More than 250,000 Jews served in the American Expeditionary Forces in World War I. Yet, their stories – and the stories of those who remained in the U.S. during the war – often remain untold.
Hailed by Time magazine as “a deep dive into a strange, history-shaking year” and by the New York Times as “remarkably prescient”, For Liberty: American Jewish Experience in WWI, the latest special exhibition at the National WWI Museum and Memorial, portrays what life was like as an American Jew on the home front and the battlefield through remarkable stories and unique artifacts.
“One of the most noteworthy aspects of this exhibition is the unique perspective it provides,” said National WWI Museum and Memorial Senior Curator Doran Cart. “Seeing these extraordinary objects in person and gaining a deeper understanding of American Jewish lives during WWI is a truly incredible experience.”
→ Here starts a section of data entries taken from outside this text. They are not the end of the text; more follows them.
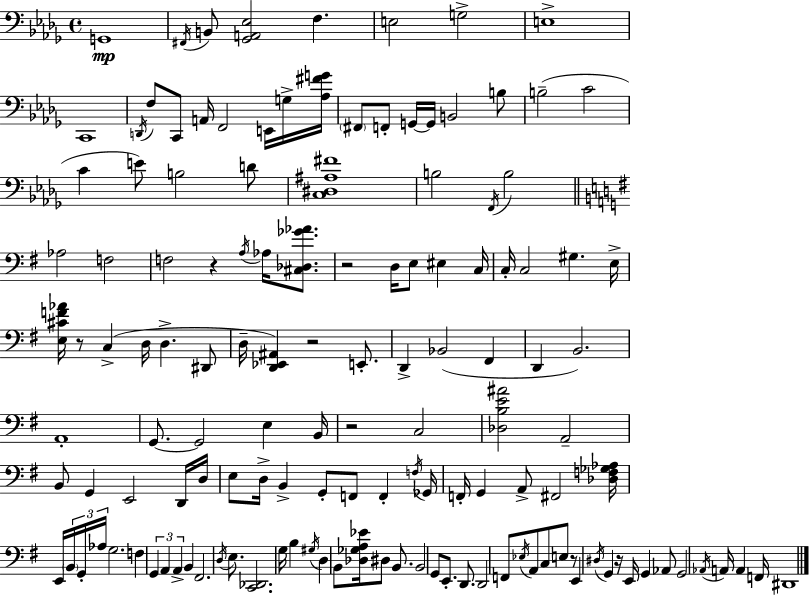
{
  \clef bass
  \time 4/4
  \defaultTimeSignature
  \key bes \minor
  g,1\mp | \acciaccatura { fis,16 } b,8 <ges, a, ees>2 f4. | e2 g2-> | e1-> | \break c,1 | \acciaccatura { d,16 } f8 c,8 a,16 f,2 e,16 | g16-> <aes fis' g'>16 \parenthesize fis,8 f,8-. g,16~~ g,16 b,2 | b8 b2--( c'2 | \break c'4 e'8) b2 | d'8 <c dis ais fis'>1 | b2 \acciaccatura { f,16 } b2 | \bar "||" \break \key e \minor aes2 f2 | f2 r4 \acciaccatura { a16 } aes16 <cis des ges' aes'>8. | r2 d16 e8 eis4 | c16 c16-. c2 gis4. | \break e16-> <e cis' f' aes'>16 r8 c4->( d16 d4.-> dis,8 | d16-- <d, ees, ais,>4) r2 e,8.-. | d,4-> bes,2( fis,4 | d,4 b,2.) | \break a,1-. | g,8.~~ g,2 e4 | b,16 r2 c2 | <des b e' ais'>2 a,2-- | \break b,8 g,4 e,2 d,16 | d16 e8 d16-> b,4-> g,8-. f,8 f,4-. | \acciaccatura { f16 } ges,16 f,16-. g,4 a,8-> fis,2 | <des f ges aes>16 e,16 \tuplet 3/2 { \parenthesize b,16 g,16-. aes16 } g2. | \break f4 \tuplet 3/2 { g,4 a,4 a,4-> } | b,4 fis,2. | \acciaccatura { d16 } e8. <c, des,>2. | g16 b4 \acciaccatura { gis16 } d4 b,8 <des ges a ees'>16 dis8 | \break b,8. b,2 g,8 e,8.-. | d,8. d,2 f,8 \acciaccatura { ees16 } a,8 | c8 e8 r8 e,4 \acciaccatura { dis16 } g,4 | r16 e,16 g,4 aes,8 g,2 | \break \acciaccatura { aes,16 } a,16 a,4 f,16 dis,1 | \bar "|."
} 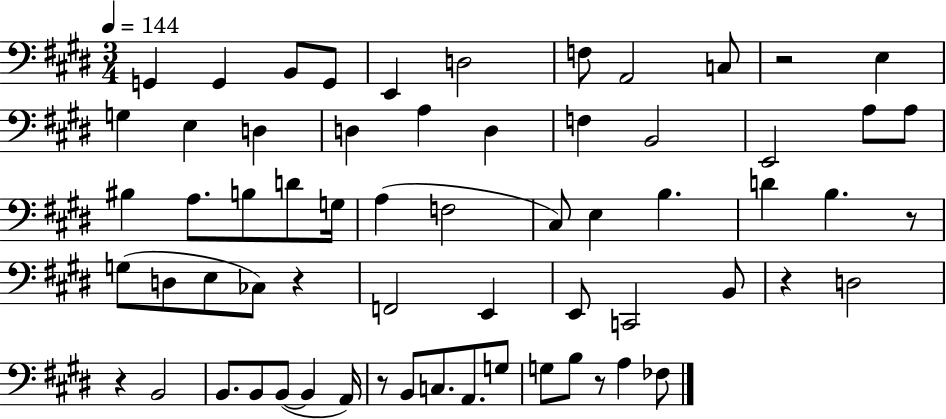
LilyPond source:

{
  \clef bass
  \numericTimeSignature
  \time 3/4
  \key e \major
  \tempo 4 = 144
  \repeat volta 2 { g,4 g,4 b,8 g,8 | e,4 d2 | f8 a,2 c8 | r2 e4 | \break g4 e4 d4 | d4 a4 d4 | f4 b,2 | e,2 a8 a8 | \break bis4 a8. b8 d'8 g16 | a4( f2 | cis8) e4 b4. | d'4 b4. r8 | \break g8( d8 e8 ces8) r4 | f,2 e,4 | e,8 c,2 b,8 | r4 d2 | \break r4 b,2 | b,8. b,8 b,8~(~ b,4 a,16) | r8 b,8 c8. a,8. g8 | g8 b8 r8 a4 fes8 | \break } \bar "|."
} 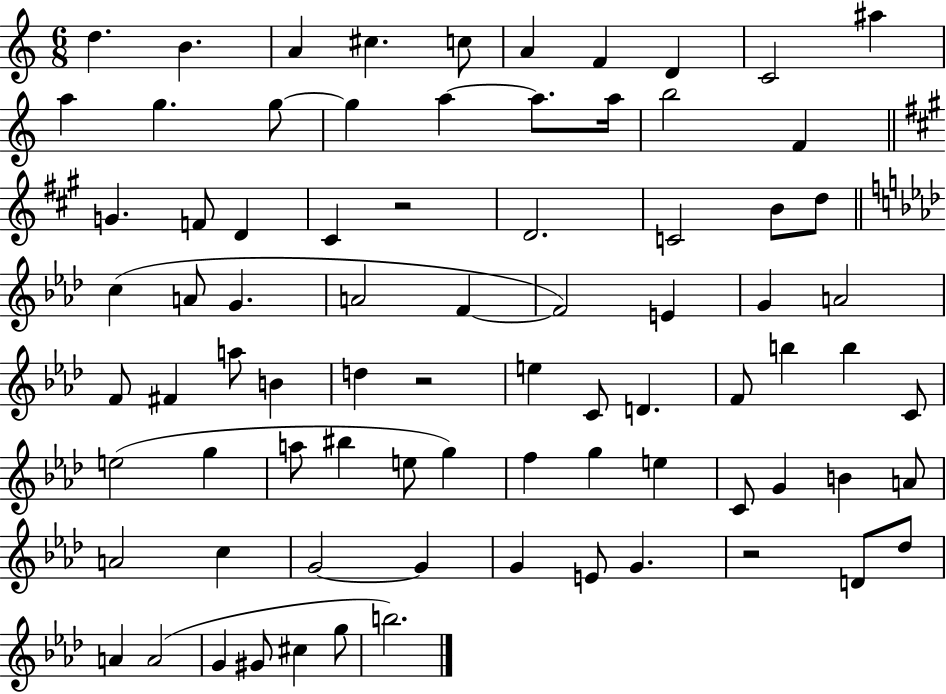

Featured objects from the exhibition include a letter from American Jewish Joint Distribution Committee (JDC) leader Louis Marshall appealing to Jewish philanthropists like Julius Rosenwald to support the Ten Million Dollar Fund, American Jewish composer Irving Berlin’s draft registration card, and a handwritten draft of The Balfour Declaration by Leon Simon from July of 1917, the document that eventually paved the way for the establishment of the Jewish state of Israel.
The trials and tribulations and the lasting effects of WWI on the American Jewish population are also shown through artifacts such as a map that notes the amounts pledged to the JDC for Jewish war sufferers and a poster showing a shipment of kosher meat being loaded onto the SS Ashburnin New York City, bound for Danzig, Poland.
This special exhibition will be open to the public at the National WWI Museum and Memorial from Friday, June 29 – Sunday, Nov. 11, 2018.